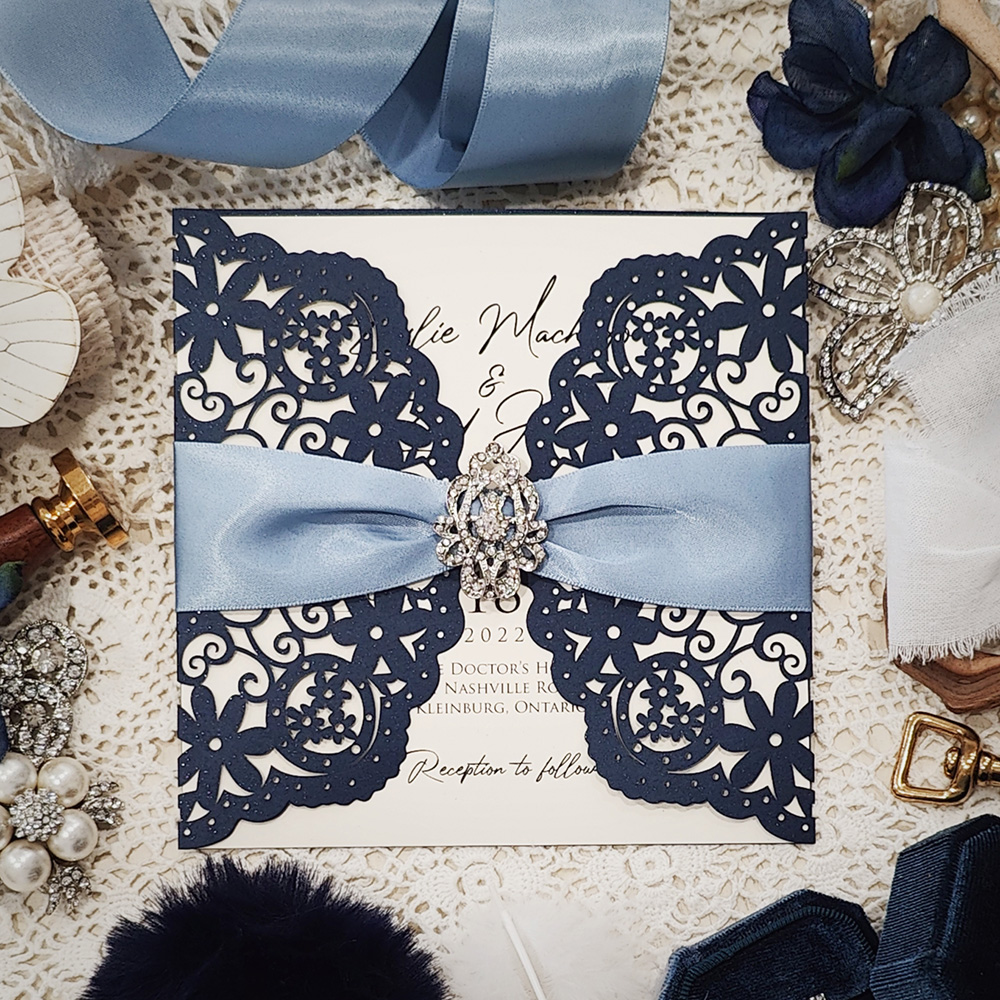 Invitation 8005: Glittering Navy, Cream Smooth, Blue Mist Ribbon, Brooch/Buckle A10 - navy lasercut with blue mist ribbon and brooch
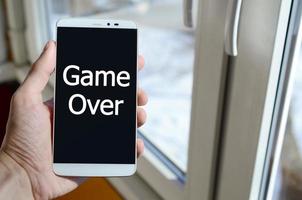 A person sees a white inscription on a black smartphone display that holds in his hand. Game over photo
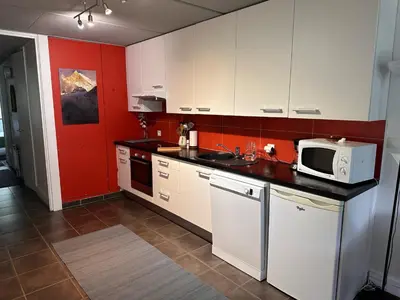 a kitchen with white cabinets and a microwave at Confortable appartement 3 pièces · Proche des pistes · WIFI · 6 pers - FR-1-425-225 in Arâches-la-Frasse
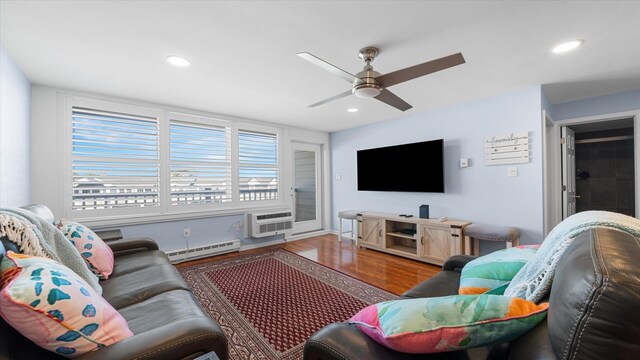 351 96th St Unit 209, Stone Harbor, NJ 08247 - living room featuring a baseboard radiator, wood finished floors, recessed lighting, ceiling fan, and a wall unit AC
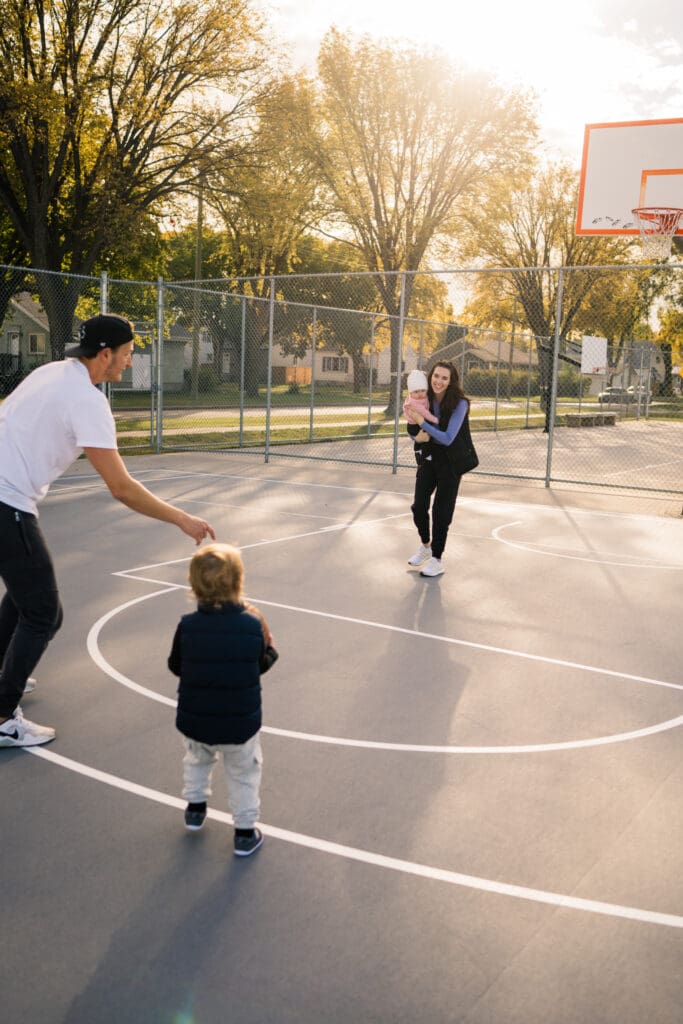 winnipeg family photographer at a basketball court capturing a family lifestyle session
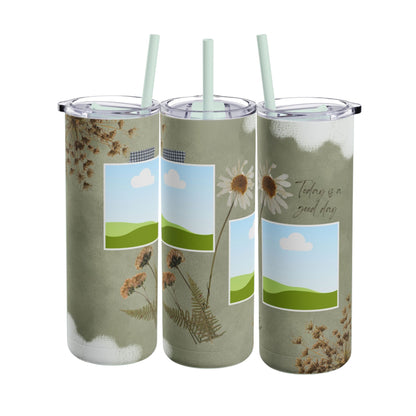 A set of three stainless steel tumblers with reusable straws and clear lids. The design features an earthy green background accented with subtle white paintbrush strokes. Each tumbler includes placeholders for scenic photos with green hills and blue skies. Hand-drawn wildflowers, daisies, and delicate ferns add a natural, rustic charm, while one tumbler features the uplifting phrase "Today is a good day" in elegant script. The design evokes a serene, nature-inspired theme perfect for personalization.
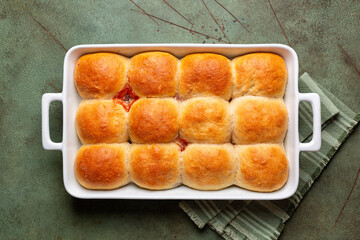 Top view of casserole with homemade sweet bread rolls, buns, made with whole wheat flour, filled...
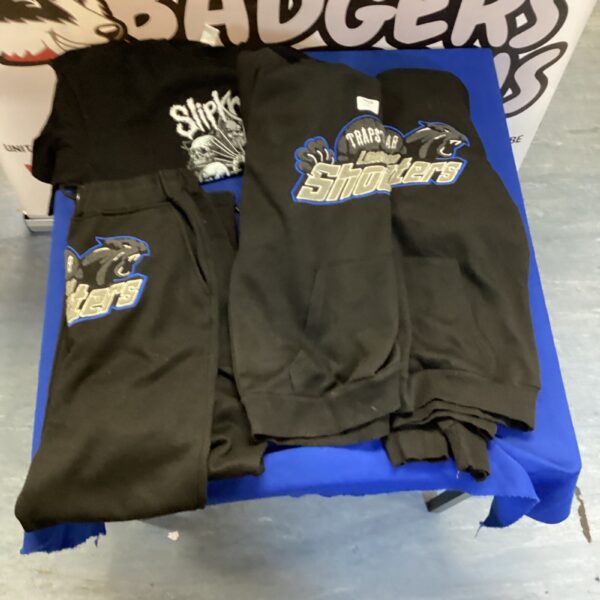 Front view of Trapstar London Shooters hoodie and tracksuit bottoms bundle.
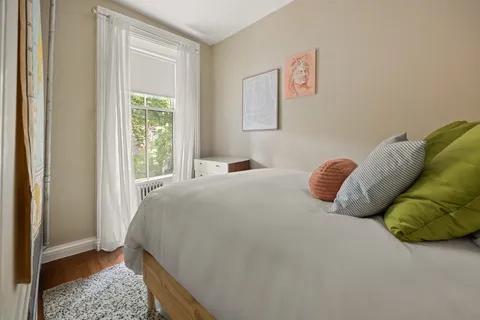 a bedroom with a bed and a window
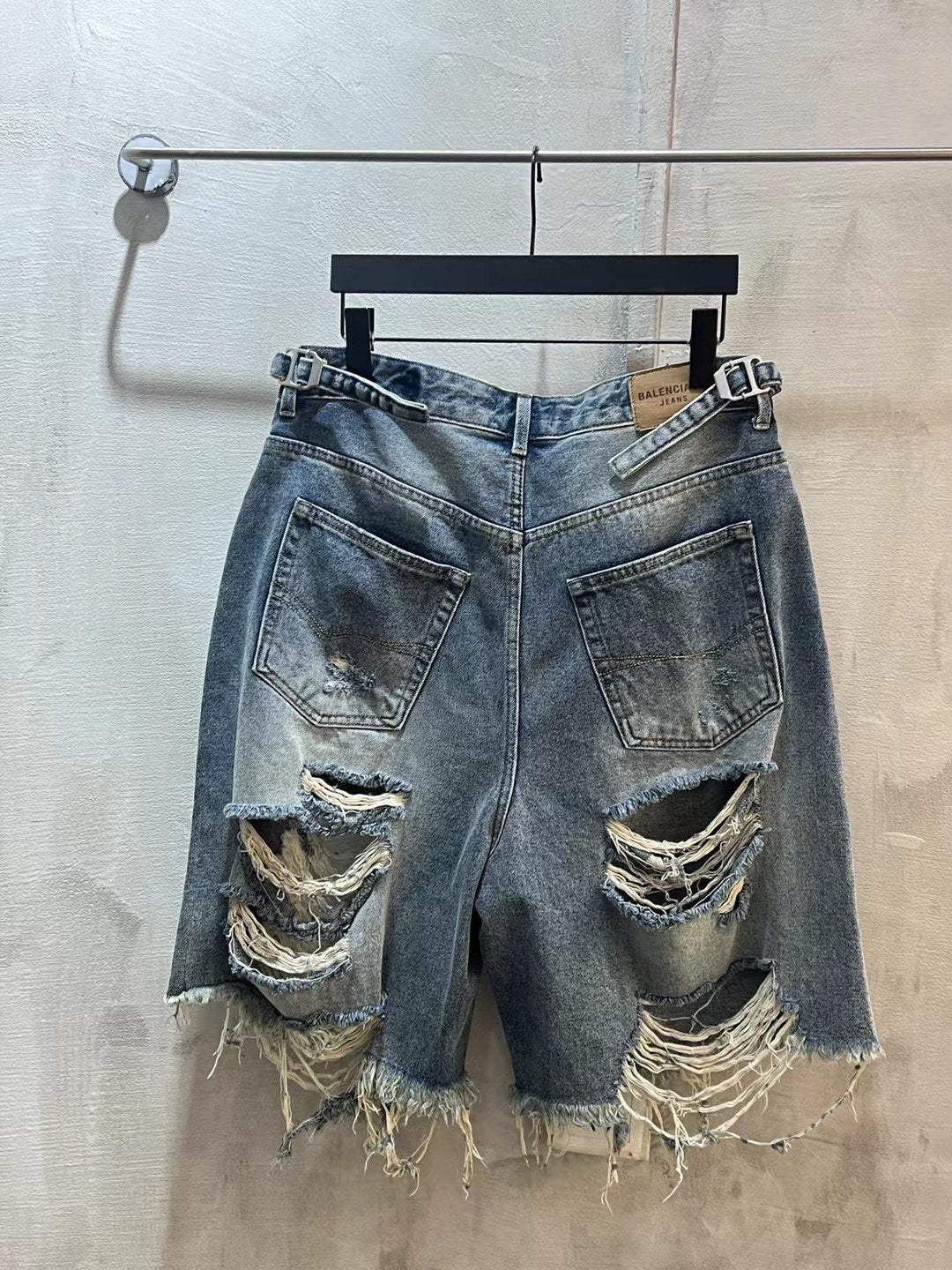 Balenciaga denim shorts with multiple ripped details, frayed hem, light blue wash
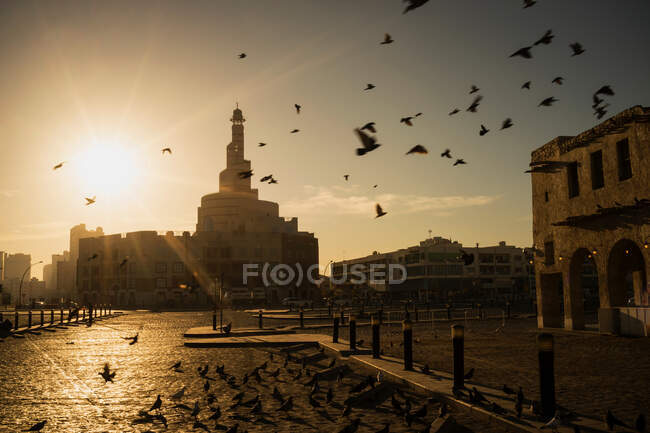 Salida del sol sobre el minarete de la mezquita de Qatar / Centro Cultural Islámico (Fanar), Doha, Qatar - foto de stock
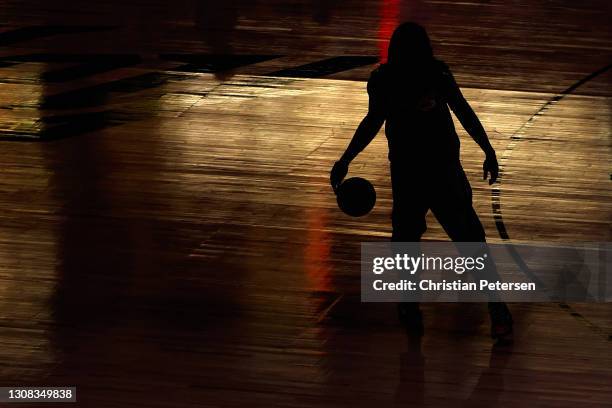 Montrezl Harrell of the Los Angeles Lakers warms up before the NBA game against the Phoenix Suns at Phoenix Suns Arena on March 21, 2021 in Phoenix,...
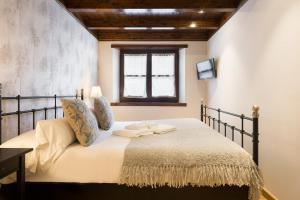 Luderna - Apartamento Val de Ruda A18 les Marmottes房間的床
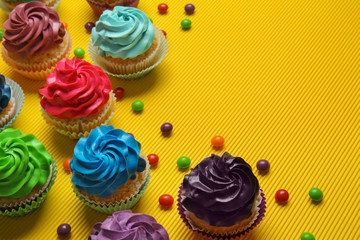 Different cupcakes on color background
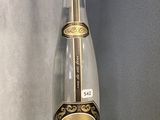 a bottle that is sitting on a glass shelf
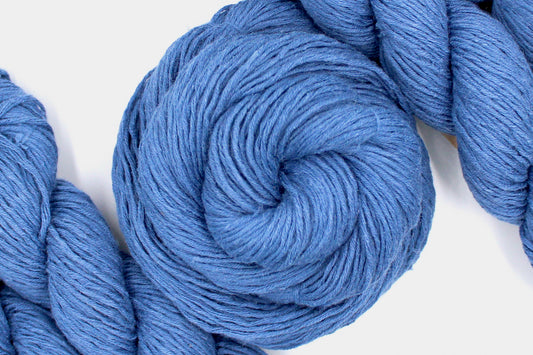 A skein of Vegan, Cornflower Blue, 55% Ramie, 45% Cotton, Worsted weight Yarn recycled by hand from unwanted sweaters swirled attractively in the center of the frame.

#### [REQUIRED ACTION]
Include the first line of the records, the line containing "A person sees", and every line between them, repeated exactly. Skip the pictures.

#### [SOLUTION TO THIS EXERCISE]
 Invitation 8005: Glittering Navy, Cream Smooth, Blue Mist Ribbon, Brooch/Buckle A10 - navy lasercut with blue mist ribbon and brooch
 A person sees a white inscription on a black smartphone display that holds in his hand. Game over photo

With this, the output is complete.